▸ REQUIRED ACTION
In the listing below, find the line with "Смарт проектор з" and the line with "Vintage Coro Gold". Repeat those two lines and all lines between them exactly.

EXERCISE INPUTS: Begin

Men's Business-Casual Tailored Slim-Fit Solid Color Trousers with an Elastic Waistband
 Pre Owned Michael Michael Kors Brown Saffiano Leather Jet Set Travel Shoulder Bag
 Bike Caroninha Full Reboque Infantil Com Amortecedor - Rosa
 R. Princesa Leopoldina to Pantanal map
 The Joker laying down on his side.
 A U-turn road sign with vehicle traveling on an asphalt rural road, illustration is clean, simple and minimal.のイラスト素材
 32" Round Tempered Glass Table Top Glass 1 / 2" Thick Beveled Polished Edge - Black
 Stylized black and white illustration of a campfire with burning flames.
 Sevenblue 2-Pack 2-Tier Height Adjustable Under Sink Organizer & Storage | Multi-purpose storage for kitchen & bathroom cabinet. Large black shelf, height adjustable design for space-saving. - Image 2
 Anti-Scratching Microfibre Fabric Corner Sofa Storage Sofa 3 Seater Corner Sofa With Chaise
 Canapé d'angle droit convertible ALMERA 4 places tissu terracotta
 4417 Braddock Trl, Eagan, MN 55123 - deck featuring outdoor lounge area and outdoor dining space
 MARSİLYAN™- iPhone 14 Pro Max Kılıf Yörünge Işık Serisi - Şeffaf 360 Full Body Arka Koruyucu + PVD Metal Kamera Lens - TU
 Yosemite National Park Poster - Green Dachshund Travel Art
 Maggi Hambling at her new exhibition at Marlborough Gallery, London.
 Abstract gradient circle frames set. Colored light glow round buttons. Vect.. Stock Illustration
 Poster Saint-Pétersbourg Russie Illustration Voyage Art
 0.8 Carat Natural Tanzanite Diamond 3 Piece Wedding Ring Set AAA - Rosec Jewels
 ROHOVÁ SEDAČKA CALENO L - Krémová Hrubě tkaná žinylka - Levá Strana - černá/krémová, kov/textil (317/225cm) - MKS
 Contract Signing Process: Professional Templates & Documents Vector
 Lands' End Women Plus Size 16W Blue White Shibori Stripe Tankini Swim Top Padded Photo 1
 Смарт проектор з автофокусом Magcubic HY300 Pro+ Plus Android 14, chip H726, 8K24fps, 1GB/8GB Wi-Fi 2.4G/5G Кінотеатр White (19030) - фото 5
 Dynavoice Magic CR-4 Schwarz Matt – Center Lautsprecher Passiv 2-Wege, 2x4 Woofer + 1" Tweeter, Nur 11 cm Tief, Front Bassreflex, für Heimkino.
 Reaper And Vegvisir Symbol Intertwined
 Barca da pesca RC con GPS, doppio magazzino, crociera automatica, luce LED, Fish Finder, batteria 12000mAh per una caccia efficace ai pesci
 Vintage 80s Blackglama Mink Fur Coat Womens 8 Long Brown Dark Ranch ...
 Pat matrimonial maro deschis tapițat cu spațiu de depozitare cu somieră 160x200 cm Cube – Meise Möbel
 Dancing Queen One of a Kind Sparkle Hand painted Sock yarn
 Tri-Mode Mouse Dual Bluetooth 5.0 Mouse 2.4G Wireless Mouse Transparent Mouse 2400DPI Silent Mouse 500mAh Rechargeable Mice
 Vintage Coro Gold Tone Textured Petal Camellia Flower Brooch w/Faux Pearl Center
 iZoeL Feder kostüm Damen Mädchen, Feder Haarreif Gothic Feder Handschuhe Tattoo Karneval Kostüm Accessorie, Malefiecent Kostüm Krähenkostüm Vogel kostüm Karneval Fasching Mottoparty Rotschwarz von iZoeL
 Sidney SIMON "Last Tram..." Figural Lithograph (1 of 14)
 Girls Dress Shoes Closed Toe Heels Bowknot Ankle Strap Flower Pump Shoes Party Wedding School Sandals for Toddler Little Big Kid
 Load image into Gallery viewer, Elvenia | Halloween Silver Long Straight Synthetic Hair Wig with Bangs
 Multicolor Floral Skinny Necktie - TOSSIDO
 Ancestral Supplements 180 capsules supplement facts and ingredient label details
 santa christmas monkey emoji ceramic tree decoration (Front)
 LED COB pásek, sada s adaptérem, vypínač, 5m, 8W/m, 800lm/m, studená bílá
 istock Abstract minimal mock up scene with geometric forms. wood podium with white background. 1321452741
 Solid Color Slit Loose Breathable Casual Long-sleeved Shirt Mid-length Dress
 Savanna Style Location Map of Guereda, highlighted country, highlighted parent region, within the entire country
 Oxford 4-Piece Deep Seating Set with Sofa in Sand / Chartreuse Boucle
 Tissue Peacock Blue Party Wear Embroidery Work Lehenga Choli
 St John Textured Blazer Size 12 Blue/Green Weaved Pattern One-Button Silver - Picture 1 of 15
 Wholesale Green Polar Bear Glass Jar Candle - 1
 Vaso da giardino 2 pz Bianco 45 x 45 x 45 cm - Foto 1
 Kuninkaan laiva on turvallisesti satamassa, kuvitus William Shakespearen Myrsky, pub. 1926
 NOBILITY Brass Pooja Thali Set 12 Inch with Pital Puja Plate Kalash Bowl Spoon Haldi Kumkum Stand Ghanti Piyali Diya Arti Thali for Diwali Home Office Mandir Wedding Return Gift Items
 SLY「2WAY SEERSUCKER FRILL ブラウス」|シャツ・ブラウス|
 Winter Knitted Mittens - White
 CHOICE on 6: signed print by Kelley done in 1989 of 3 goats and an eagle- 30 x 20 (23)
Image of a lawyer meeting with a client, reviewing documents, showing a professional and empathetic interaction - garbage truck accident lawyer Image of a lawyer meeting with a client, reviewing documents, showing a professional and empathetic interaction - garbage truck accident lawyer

EXERCISE INPUTS: End

▸ EXERCISE RESULT
 Смарт проектор з автофокусом Magcubic HY300 Pro+ Plus Android 14, chip H726, 8K24fps, 1GB/8GB Wi-Fi 2.4G/5G Кінотеатр White (19030) - фото 5
 Dynavoice Magic CR-4 Schwarz Matt – Center Lautsprecher Passiv 2-Wege, 2x4 Woofer + 1" Tweeter, Nur 11 cm Tief, Front Bassreflex, für Heimkino.
 Reaper And Vegvisir Symbol Intertwined
 Barca da pesca RC con GPS, doppio magazzino, crociera automatica, luce LED, Fish Finder, batteria 12000mAh per una caccia efficace ai pesci
 Vintage 80s Blackglama Mink Fur Coat Womens 8 Long Brown Dark Ranch ...
 Pat matrimonial maro deschis tapițat cu spațiu de depozitare cu somieră 160x200 cm Cube – Meise Möbel
 Dancing Queen One of a Kind Sparkle Hand painted Sock yarn
 Tri-Mode Mouse Dual Bluetooth 5.0 Mouse 2.4G Wireless Mouse Transparent Mouse 2400DPI Silent Mouse 500mAh Rechargeable Mice
 Vintage Coro Gold Tone Textured Petal Camellia Flower Brooch w/Faux Pearl Center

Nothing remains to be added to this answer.